Monday, September 21, 2009

Stretching The Dictionary

Reading the news this morning made me laugh. I see that President Obama and George Stephanopoulos were arguing over whether or not the much-discussed Everyone Must Buy Health Insurance mandate qualified as a new tax on the middle class (thus breaking Obama's pledge to not raise taxes on the middle class) and Stephanopoulos broke out the dictionary. I had to go to YouTube and look it up. I cheered! That is something I would have done, and have done here, repeatedly.
Please don't accuse me of thinking that Stephanopoulos stole a trick from my playbook. I know perfectly well that he doesn't even know this blog exists. I still find it gratifying that someone in the mainstream media actually understands the concept of going to the dictionary - the official and codified record of what words mean - when debating the meaning of a word.
There were a few amazing moments in that little discussion (and by "amazing" I mean "Did he really go there?").
Obama accused Stephanopoulos of "stretching a little bit right there" for using the dictionary. Really? It is now considered "stretching" to go to the dictionary to settle a dispute on the meaning of a word? On what planet? I would like to think that this blatant Gotcha moment might come back to bite Obama but, unfortunately, I know all too well that his die hard supporters will just spin it to mean something else. They have already started attacking Stephanopoulos (by calling him - GASP - a Republican). The fact of the matter is that Obama was wrong, was caught being wrong, and tried to weasel out of it by making it seem like the eminently reasonable action of Stephanopoulos was something dirty and giggle-worthy. Apparently we are supposed to believe now that it is a bad thing to use words for what they actually mean.
Obama also made the amazing statement, "If I say that, right now, your premiums are going to be going up by 5 or 8 or 10% next year, and you say, 'Well that's not a tax increase.'" And I say, in this example, are you saying this as a president or as an insurance company? Because your example doesn't say. If you are saying this as a president then 1) Yes, that actually would be a tax increase, in exactly the same way that your mandate is a tax increase and 2) When did you, as president, gain the Constitutional authority to tell the insurance companies what they will and will not charge? If, in this example, you are saying this as an insurance company then no, that is not a tax increase because insurance companies do not collect taxes. Duh! You're not really this stupid, are you? Or, more to the point, you don't really believe that we are this stupid, do you?

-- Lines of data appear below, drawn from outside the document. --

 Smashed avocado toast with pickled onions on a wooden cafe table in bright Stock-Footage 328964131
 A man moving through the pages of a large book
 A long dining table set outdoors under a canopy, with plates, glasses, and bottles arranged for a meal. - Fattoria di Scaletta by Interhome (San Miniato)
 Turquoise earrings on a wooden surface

Finally - no surprise here - Obama fell back on the constant (and constantly false) auto insurance analogy. "Everybody in America, just about, has to get auto insurance. Nobody considers that a tax increase." For one thing, Mr. President, many people in America do consider that a tax and thus considered it a tax increase when such laws were passed. They may have agreed with the reason and need for the tax, but it was still a tax. After dismissing that strawman, we get to go back to the many reasons (already listed here) as to why the comparing health insurance mandate to auto insurance mandate is a false analogy. I know it sounds good and they do both have the word "insurance" in them, but surely a Harvard law professor can parse language better than that.
If you have to spend money you might not otherwise spend, because the government told you to, under penalty of law, that is a tax, no matter what other fancy terms you care to apply. If it is a new expenditure then it is a tax increase. No amount of fancy rhetoric will make this fact go away. It may be that you believe this tax increase is warranted, but that is an entirely different debate. Warranted or not, it is still a tax increase. Obama is faced with the choice of breaking his word to try and go forward with his healthcare policy ideas or keeping his word and probably not going forward with this ideas. It is a pretty classic No Win situation but then, frankly, he (and any other politician you care to know) should never have made that "no new taxes" pledge. That's a promise that never ends well in the long run.